During handling of the above exception, another exception occurred:

Traceback (most recent call last): File "/home/spark/.local/lib/python3.10/site-packages/jsonschema/validators.py", line 1090, in resolve_from_url document = self.resolve_remote(url) File "/home/spark/.local/lib/python3.10/site-packages/jsonschema/validators.py", line 1194, in resolve_remote with urlopen(uri) as url: File "/usr/local/lib/python3.10/urllib/request.py", line 216, in urlopen return opener.open(url, data, timeout) File "/usr/local/lib/python3.10/urllib/request.py", line 509, in open req.timeout = timeout AttributeError: 'bytes' object has no attribute 'timeout'

lodsdevera commented 1 year ago

@da-sbarde ohh, I'm encountering this also last night after replying here. Before last night, our glue job with GX is working fine so there must be something else now. Haven't tried running it today. I also tried fixing the GX version to < 0.17 in that additional-python-modules parameter but still the same error

Not sure who to tag here now regarding this

lodsdevera commented 1 year ago

@da-sbarde retried running the same glue job without any changes and the error was not encountered now

da-sbarde commented 12 months ago

@lodsdevera , the glue Job without specifying the great_expectations version worked for a while but it is giving same error now. It is working with version = 0.16.7 though.

ImportError: cannot import name 'DEFAULTCIPHERS' from 'urllib3.util.ssl'.

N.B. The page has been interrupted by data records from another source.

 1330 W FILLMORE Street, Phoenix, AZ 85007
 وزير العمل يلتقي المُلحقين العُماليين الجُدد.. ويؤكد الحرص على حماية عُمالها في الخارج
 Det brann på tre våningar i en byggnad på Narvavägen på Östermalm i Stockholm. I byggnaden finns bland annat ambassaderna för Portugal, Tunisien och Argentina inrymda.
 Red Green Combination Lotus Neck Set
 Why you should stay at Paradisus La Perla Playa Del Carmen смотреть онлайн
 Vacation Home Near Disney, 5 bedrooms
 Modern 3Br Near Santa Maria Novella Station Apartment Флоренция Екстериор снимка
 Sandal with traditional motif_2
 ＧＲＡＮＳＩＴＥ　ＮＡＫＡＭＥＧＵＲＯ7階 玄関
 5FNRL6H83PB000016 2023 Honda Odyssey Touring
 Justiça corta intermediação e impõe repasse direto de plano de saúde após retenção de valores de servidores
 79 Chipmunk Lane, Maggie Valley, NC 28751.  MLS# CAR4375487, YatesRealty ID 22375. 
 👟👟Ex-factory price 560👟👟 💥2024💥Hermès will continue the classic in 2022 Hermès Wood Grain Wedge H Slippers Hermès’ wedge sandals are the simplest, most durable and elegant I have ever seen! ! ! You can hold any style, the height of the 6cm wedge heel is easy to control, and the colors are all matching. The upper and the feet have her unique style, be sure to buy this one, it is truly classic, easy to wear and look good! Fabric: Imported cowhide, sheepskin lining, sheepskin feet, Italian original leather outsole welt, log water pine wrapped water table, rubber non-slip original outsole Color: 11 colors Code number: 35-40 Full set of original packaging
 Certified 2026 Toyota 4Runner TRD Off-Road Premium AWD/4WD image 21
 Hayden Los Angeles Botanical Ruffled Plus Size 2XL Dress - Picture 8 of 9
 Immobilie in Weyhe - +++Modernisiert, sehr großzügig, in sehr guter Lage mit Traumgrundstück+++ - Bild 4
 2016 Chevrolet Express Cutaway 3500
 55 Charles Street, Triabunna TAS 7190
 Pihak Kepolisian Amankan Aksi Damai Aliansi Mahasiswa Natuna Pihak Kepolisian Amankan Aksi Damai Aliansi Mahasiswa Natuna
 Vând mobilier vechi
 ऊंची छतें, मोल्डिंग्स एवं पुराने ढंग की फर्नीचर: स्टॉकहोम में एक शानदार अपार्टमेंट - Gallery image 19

Below is the full traceback.

File "/home/spark/.local/lib/python3.10/site-packages/boto3/init.py", line 17, in from boto3.session import Session File "/home/spark/.local/lib/python3.10/site-packages/boto3/session.py", line 17, in import botocore.session File "/home/spark/.local/lib/python3.10/site-packages/botocore/session.py", line 26, in import botocore.client File "/home/spark/.local/lib/python3.10/site-packages/botocore/client.py", line 15, in from botocore import waiter, xform_name File "/home/spark/.local/lib/python3.10/site-packages/botocore/waiter.py", line 18, in from botocore.docs.docstring import WaiterDocstring File "/home/spark/.local/lib/python3.10/site-packages/botocore/docs/init.py", line 15, in from botocore.docs.service import ServiceDocumenter File "/home/spark/.local/lib/python3.10/site-packages/botocore/docs/service.py", line 14, in from botocore.docs.client import ClientDocumenter, ClientExceptionsDocumenter File "/home/spark/.local/lib/python3.10/site-packages/botocore/docs/client.py", line 14, in from botocore.docs.example import ResponseExampleDocumenter File "/home/spark/.local/lib/python3.10/site-packages/botocore/docs/example.py", line 13, in from botocore.docs.shape import ShapeDocumenter File "/home/spark/.local/lib/python3.10/site-packages/botocore/docs/shape.py", line 19, in from botocore.utils import is_json_valueheader File "/home/spark/.local/lib/python3.10/site-packages/botocore/utils.py", line 34, in import botocore.httpsession File "/home/spark/.local/lib/python3.10/site-packages/botocore/httpsession.py", line 21, in from urllib3.util.ssl import ( ImportError: cannot import name 'DEFAULTCIPHERS' from 'urllib3.util.ssl' (/home/spark/.local/lib/python3.10/site-packages/urllib3/util/ssl_.py)

da-sbarde commented 11 months ago

@lodsdevera any luck with the issue?